Well, that's exactly what happens. Our house (and many of the houses we looked at) had "well finished" basements. The ceilings on most of the basement rooms are finished and painted gypsum board. The wall that has the main service panel is finished. In that case, there was a hinged panel that gives access to the electrical service panel including the sides. So we could get the panel replaced (it's an ITE "bulldog" panel) without messing with finished walls. I was able to add an X-10 repeater (and two outsets for the hell of it) next to the box but "running another circuit" would require destroying walls and ceilings of several rooms.
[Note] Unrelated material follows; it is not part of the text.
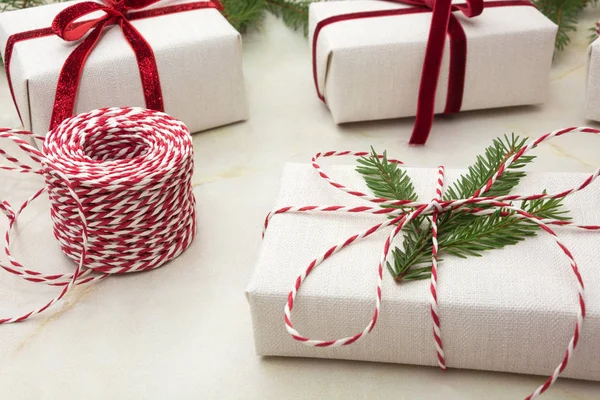 Caja de regalo de Navidad envuelta en papel artesanal blanco y cinta decorativa de cuerda roja en la superficie marmoreal. De cerca. . — Foto de Stock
I was advised by by HVAC man (who is also a licensed electrician) that if I want a sub-panel in another part of the house that I consider running 1" conduit OUTSIDE the perimeter of the house.

I might "bite the bullet" some day and bust open the ceiling of the basement and some other places and run so good sized conduit to the attic and the unfinished portions of the basement from the area of the service entrance. It's pretty far down my list, however. Years away!

Well, if you have a mess of them (we have, for example, THREE outside oullets), then a 20 year life implies that at any one time, one of the GFCI outlets in your house isn't really protected.

Years ago, the Bell System designed equipment for a 40 year life. The Bell System didn't really consider the stuff becoming obsolete or hard to maintain. But the reliability to make it just last 40 years reduced the need for repairs.